### Extracted records
[Start of section]

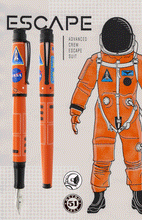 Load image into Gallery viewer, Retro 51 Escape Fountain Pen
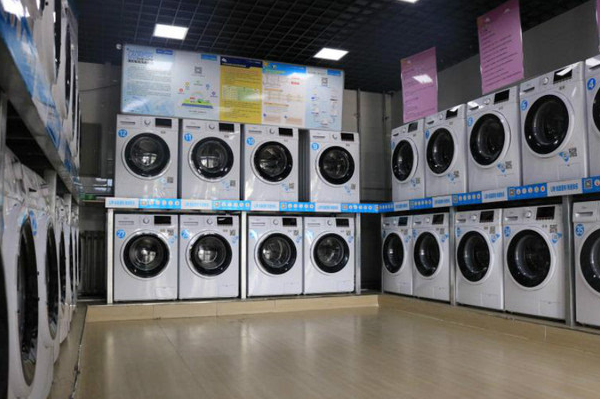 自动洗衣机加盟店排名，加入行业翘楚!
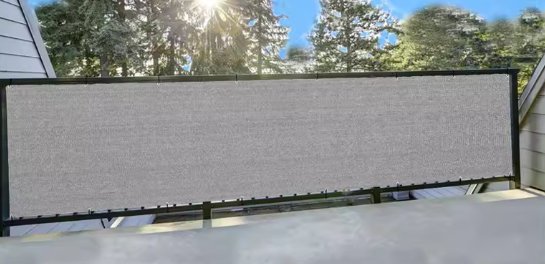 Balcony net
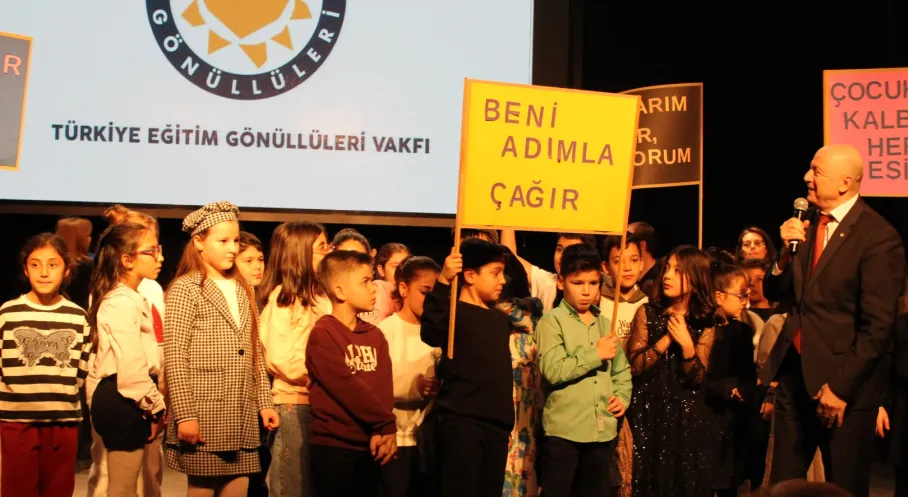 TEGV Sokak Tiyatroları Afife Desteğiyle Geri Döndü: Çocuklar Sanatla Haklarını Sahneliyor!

[End of section]
[Start of section]

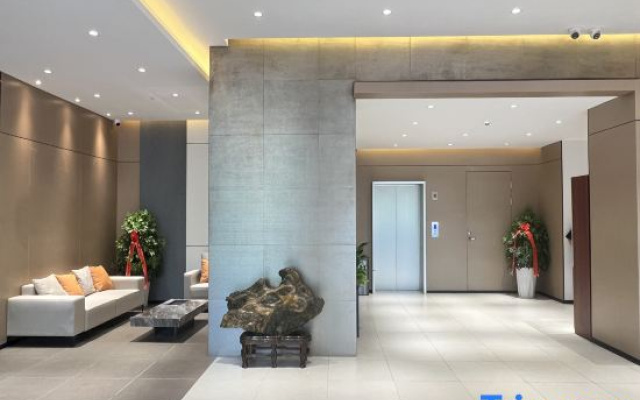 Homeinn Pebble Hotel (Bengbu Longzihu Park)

[End of section]

### How to complete this task
Above are some entries; copy exactly the lines from the line with "自动洗衣机加盟店排名，加入行业翘楚!" through the line with "TEGV Sokak Tiyatroları", both included, but none of the pictures.

### Response
 自动洗衣机加盟店排名，加入行业翘楚!
 Balcony net
 TEGV Sokak Tiyatroları Afife Desteğiyle Geri Döndü: Çocuklar Sanatla Haklarını Sahneliyor!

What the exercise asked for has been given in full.